Rabbimiz, “kurumuş, yıllanıp kokuşmuş kara balçıktan” yarattığını ifade ettiği Adem için birbirini takip eden ayetlerde hem “insan” hem de “beşer” kavramlarını kullanıyor. Bu da Adem’in ve onun türünün yaratılış itibariyle bu iki vasfı taşıdığını gösterir. Bu vasıflar arasındaki farkın ne olduğunu da ilgili diğer ayetlerden öğreniyoruz.
a) Beşer
Kur’an, insan türüyle ilgili fizyolojik yapısı bağlamında bir şey söyleyeceği zaman “beşer” kavramını kullanmaktadır. Örneğin Yusuf’un (a.s) güzelliği karşısında ellerini kesen kadınlar onun bir “beşer” olamayacağını söylüyorlardı. (12/31) İnsanüstü bir varlık olduğuna gönderme yapıyorlardı da diyebiliriz.
Allah’ın elçileri de gönderildikleri toplumlarda “yeme-içme” gibi fizyolojik bazı özelliklerinden dolayı dışlanmışlardır. Zira toplumlar kendileri gibi etten kemikten bir beşer değil, bir melek talep ediyorlardı. İlgili bazı ayetler (23/33-34), (17/95-96).
Ölümlü bir varlık olarak yaratılmış olmamız da biyolojik yapımızla ilişkilidir. Rabbimiz bu gerçeği ifade ederken “beşer” kavramını kullanmaktadır (21/34).
b) İnsan
“İnsan” kavramının geçtiği ayetlerde insan türünün sosyal bir varlık olması özelliğinden bahsedilmektedir. Mesela, Rabbimiz insana öğrettiği şeylerden bahsederken bu kavramı kullanmaktadır (96/5), (55/3-4).

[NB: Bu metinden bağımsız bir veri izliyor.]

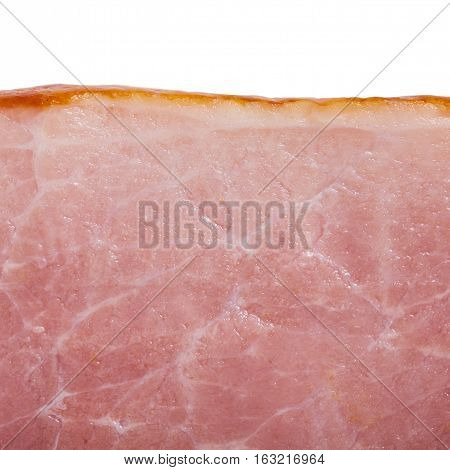 Piece of Smoked Carving Pork Ham. Selective and Soft focus.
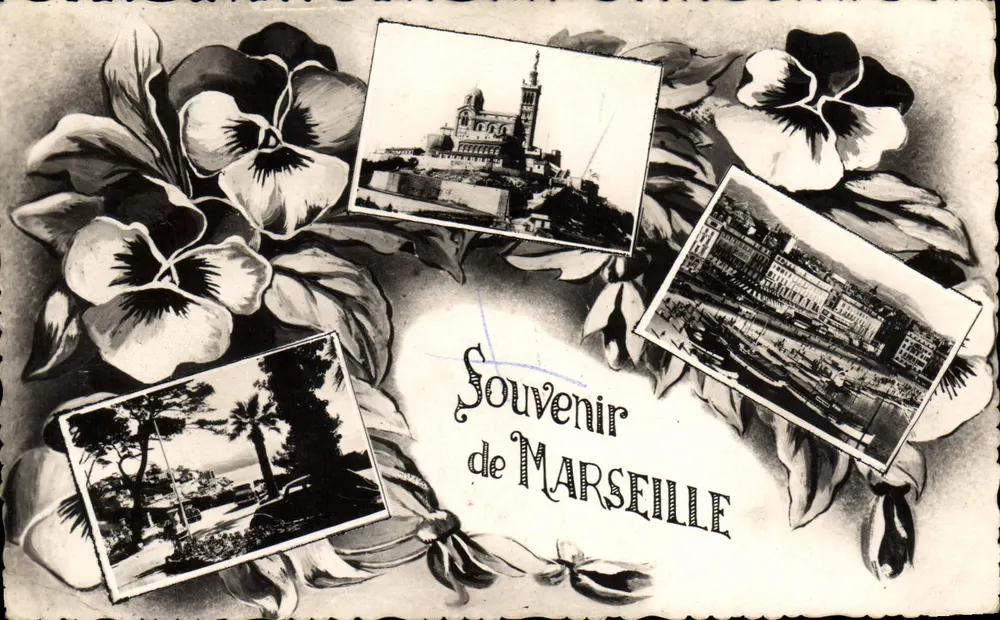 Lembrança de MARSEILLE — editor ASPARD, n°13 - Frente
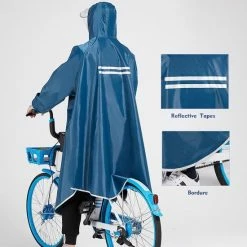 Fuegobird - Poncho Regenponcho - Fiets Wandel Motor - Outdoor Poncho - Kwaliteit Poncho - One Size - Unisex Cyan -Windgoo Shop 550x550 561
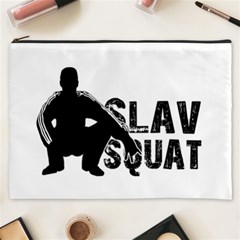 Slav Squat Cosmetic Bag (xxxl)  by Valentinaart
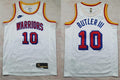Mens Golden State Warriors #10 Jimmy Butler III Nike White Classics Edition Jersey
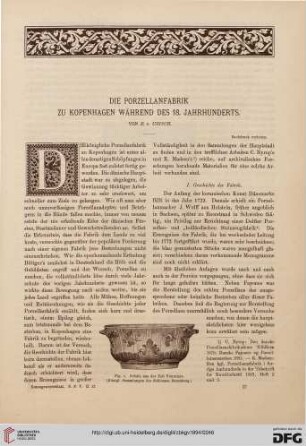 Die Porzellanfabrik zu Kopenhagen während des 18. Jahrhunderts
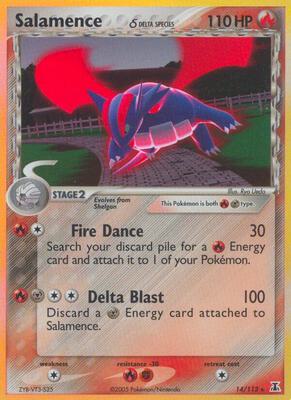 Salamence (Delta Species) #14/113 — stock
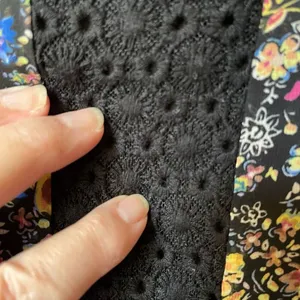Daniel Rain size L - V neckline floral lace inset in back blouse. thumbnail 8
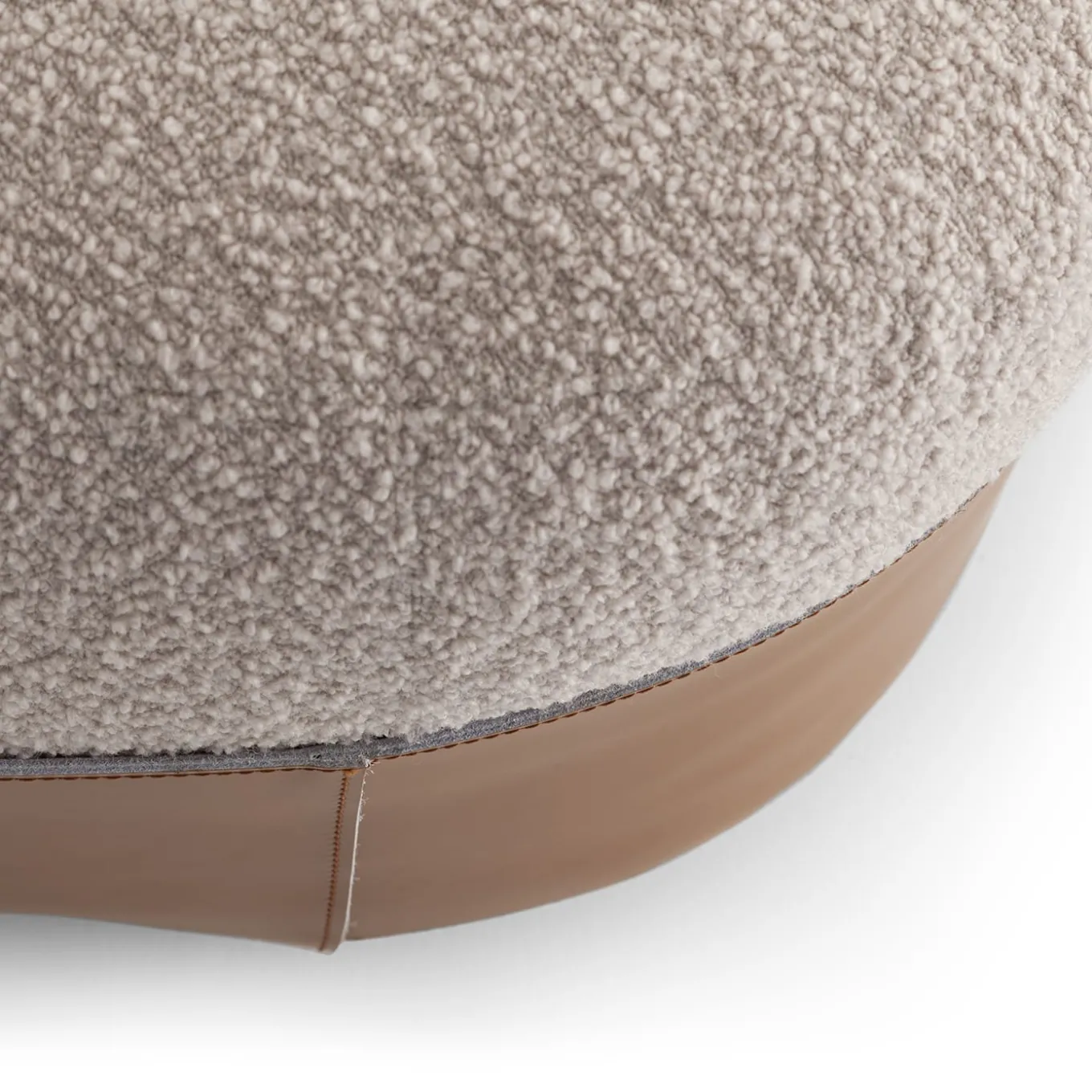 Pouf Sumo grande cognac e beige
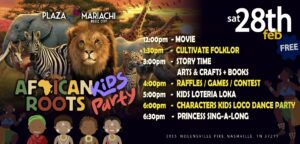 FREE African Roots Kids Party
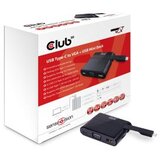 Mini docking station Club 3D USB TYPE C 3.1 GEN 1 TO VGA + USB TYPE A 3.0 + USB TYPE C CHARGING 60W DOCKING STATION CSV-1532 Cijene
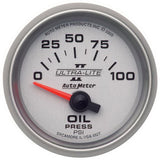 Autometer Ultra-Lite II 52mm 0-100 PSI Electrical Oil Pressure Gauge - 4927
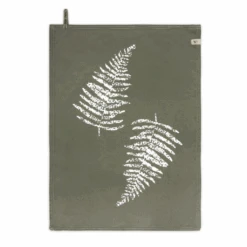 Walra Theedoek Leaves Legergroen 50 X 70 Cm -Thuiskeuken WALRA KT DRYWITHLEAVES 50X70 ARMYGREEN PS 1 1024x1024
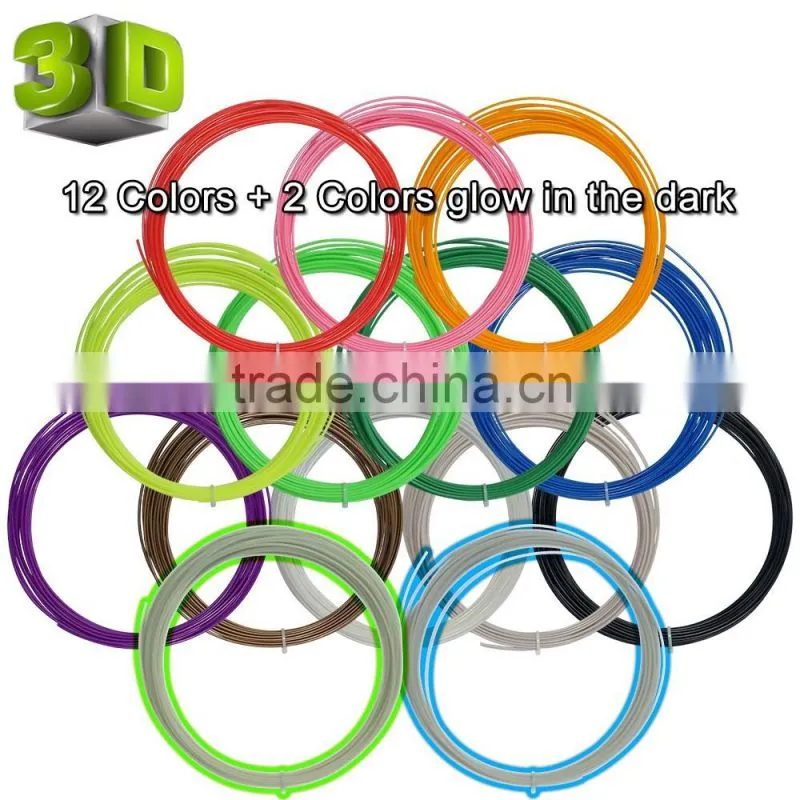 ABS Filament 1.75mm multi Colors Sample for 3D Printer & 3D Printing Pen MakerBot/RepRap/UP/Mendel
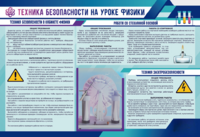 Стенд-уголок "Техника безопасности на уроках физики" - fgospostavki.ru - Миасс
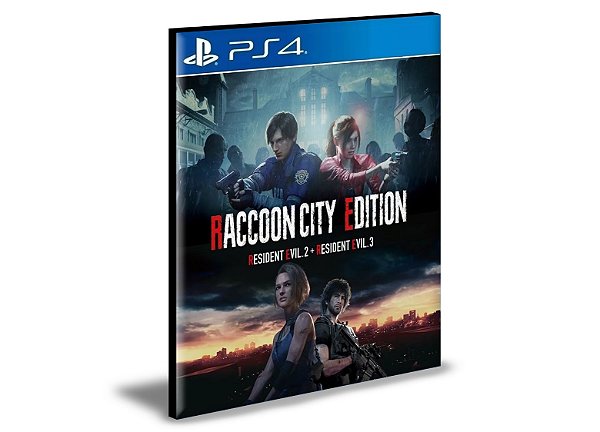 RACCOON CITY EDITION  Português PS4 e PS5 PSN  MÍDIA DIGITAL
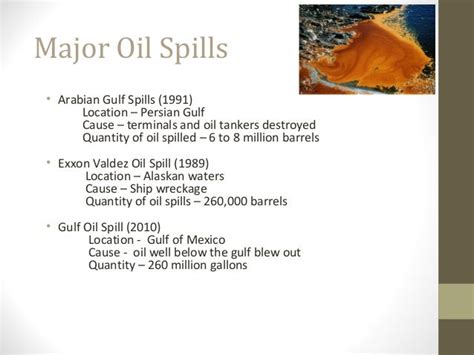 Oil spills prevention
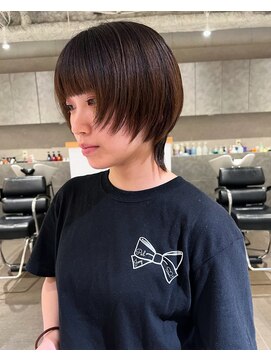 カフ(CAF) CAF松本/ショートウルフ/ダークトーンカラー/心斎橋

İnsanın özgür iradesiyle ortaya koyduğu davranışlarla ilgili de bu kavram kullanılır (103/2-3), (96/6-7).
Ayetlerde “sorumluluk ve imtihan” söz konusu olduğunda yine “insan” kavramı devreye girmektedir (33/72), (76/2).
İnsanın ahiretteki durumuyla ilgili ayetlerde de bu kavram kullanılır (79/34-35), (75/10), (89/23).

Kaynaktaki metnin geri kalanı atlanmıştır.